Exact reproduction of every record is required, and pictures are to be excluded.

==== RECORDS FOR THE EXERCISE

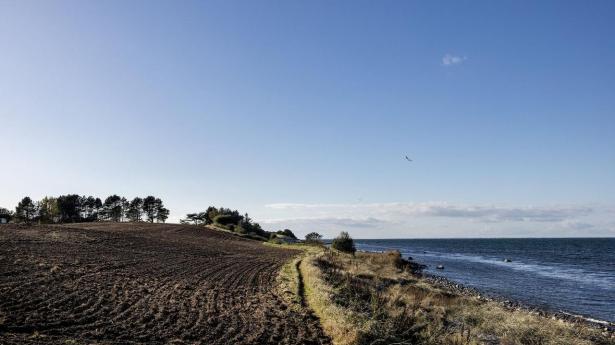 Landbruget håber på kort periode med “kvælstofhammeren”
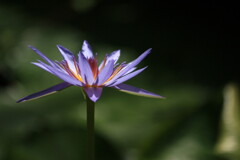 静光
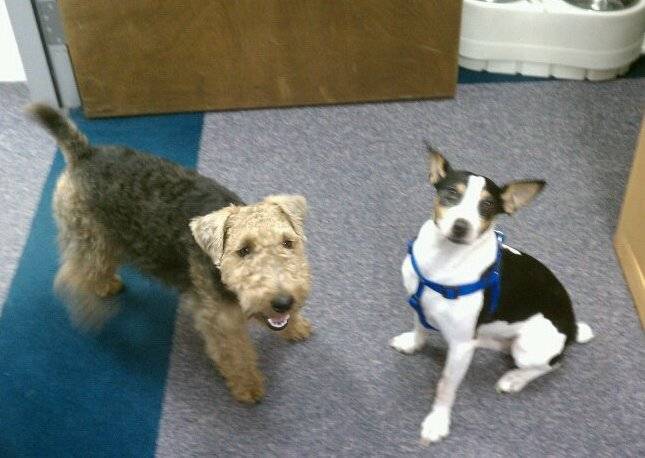 Super Cooper with another dog in the office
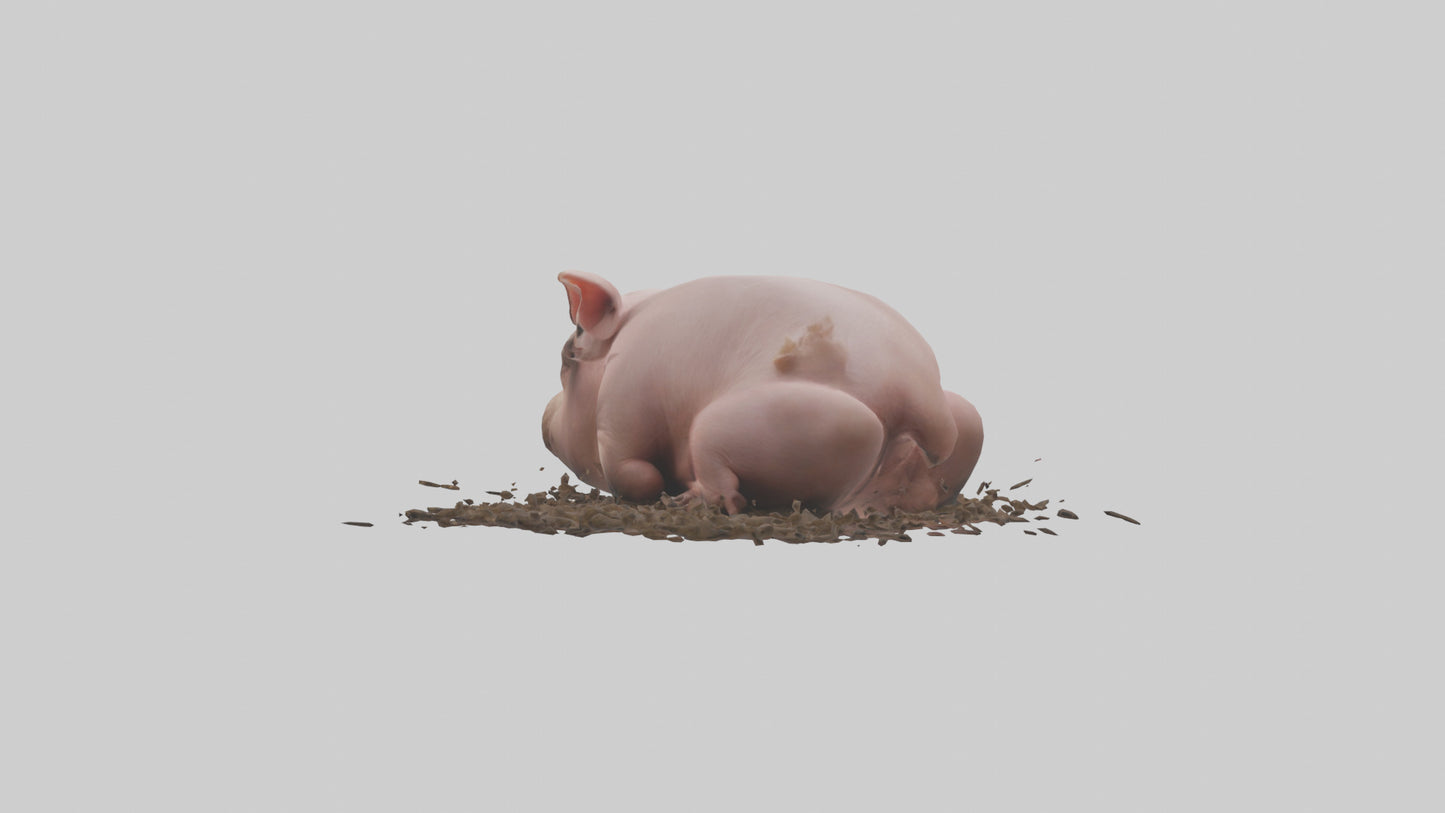 Domesticated Pig sleeping model 3D model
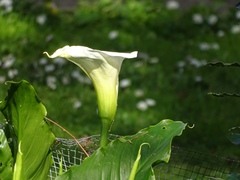 Zantedeschia aethiopica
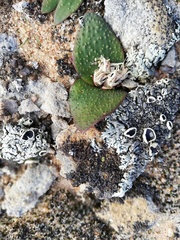 Massonia tenella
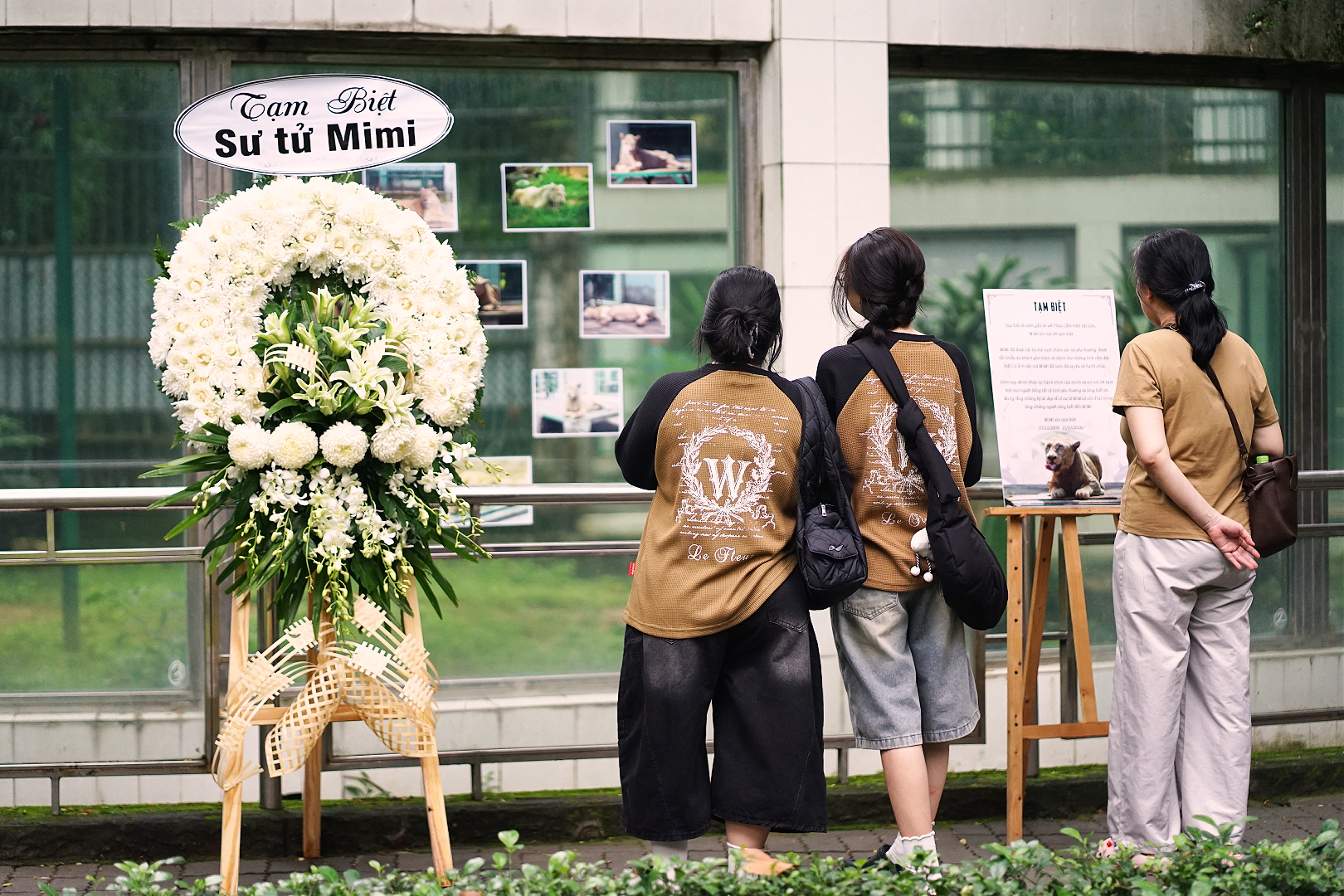 Sư tử trắng Mimi qua đời sau gần 16 năm ở Thảo Cầm Viên, vòng hoa tiễn biệt khiến nhiều người xúc động: “Bạn cũng là tuổi thơ của nhiều người”- Ảnh 6.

========

EXERCISE RESPONSE.
 Landbruget håber på kort periode med “kvælstofhammeren”
 静光
 Super Cooper with another dog in the office
 Domesticated Pig sleeping model 3D model
 Zantedeschia aethiopica
 Massonia tenella
 Sư tử trắng Mimi qua đời sau gần 16 năm ở Thảo Cầm Viên, vòng hoa tiễn biệt khiến nhiều người xúc động: “Bạn cũng là tuổi thơ của nhiều người”- Ảnh 6.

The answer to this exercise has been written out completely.